But it never came. God tarried.

A few things I believe are instructive as to what we can learn from our Gospel reading as a response to this conundrum we find ourselves in.

First, that it may be that our assumptions about how God will act are wrong. The same followers of Christ who were awaiting Jesus’ return any day now overlooked the first statement from our Gospel – regarding when these things will happen, it’s unknown. Who knows when it will happen? It’s not guaranteed to happen when we expect that it will, or want it to happen. It will happen when it happens. And I think the same is true about much about God: it’s easy to assume that we know exactly what God will and must do. Like God is a cosmic gumball machine, that we can pop in a quarter and get a prize. But it may be that our assumptions are wrong in the first place about what God will or must do. Maybe it’s more true that God actually does move in mysterious ways, whose ways are oftentimes beyond our comprehension.
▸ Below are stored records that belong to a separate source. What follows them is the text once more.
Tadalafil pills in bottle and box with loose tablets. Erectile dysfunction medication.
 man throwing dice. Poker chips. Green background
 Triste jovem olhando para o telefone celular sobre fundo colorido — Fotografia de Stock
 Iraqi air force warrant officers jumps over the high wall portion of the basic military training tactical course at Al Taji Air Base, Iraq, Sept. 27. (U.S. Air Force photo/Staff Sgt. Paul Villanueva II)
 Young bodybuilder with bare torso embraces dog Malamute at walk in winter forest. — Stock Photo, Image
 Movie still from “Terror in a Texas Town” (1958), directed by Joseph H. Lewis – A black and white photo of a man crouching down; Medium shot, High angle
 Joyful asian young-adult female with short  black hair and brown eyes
And though we may expect or desire God to operate in certain ways, perhaps it’s more our understanding of God that is flawed than God’s actions.

Second, we read that precisely because Jesus is returning, we must persist in doing what is good and right and holy at all times. Continue in the things that God wishes for us, such as in the Apostle’s teaching, the breaking of bread, and the prayers. To persevere in resisting evil, and when we fall into sin to repent and return to the Lord. In proclaiming by word and example the good news of God in Jesus Christ. By seeking and serving Christ in all persons, loving our neighbor as ourselves. And by striving for justice and peace, and respecting the dignity of all people. If that sounds familiar, those are the promises made during the baptismal covenant. 

I can tell you from my experience it’s not always easy, to trust and remain faithful when adversity strikes, but it is the path of righteousness, to not be dismayed in disaster, but to continue in the path of obedience, even when it’s difficult.

Even though God tarries, it is incumbent on us to persist, and to continue doing that which is good and right, and with joyful expectation to look for God’s advent in our lives and in our world each day. And in doing so, may we be found faithful to the calling God has given us in Christ Jesus, to live lives of righteousness, and to show God’s love to all the world.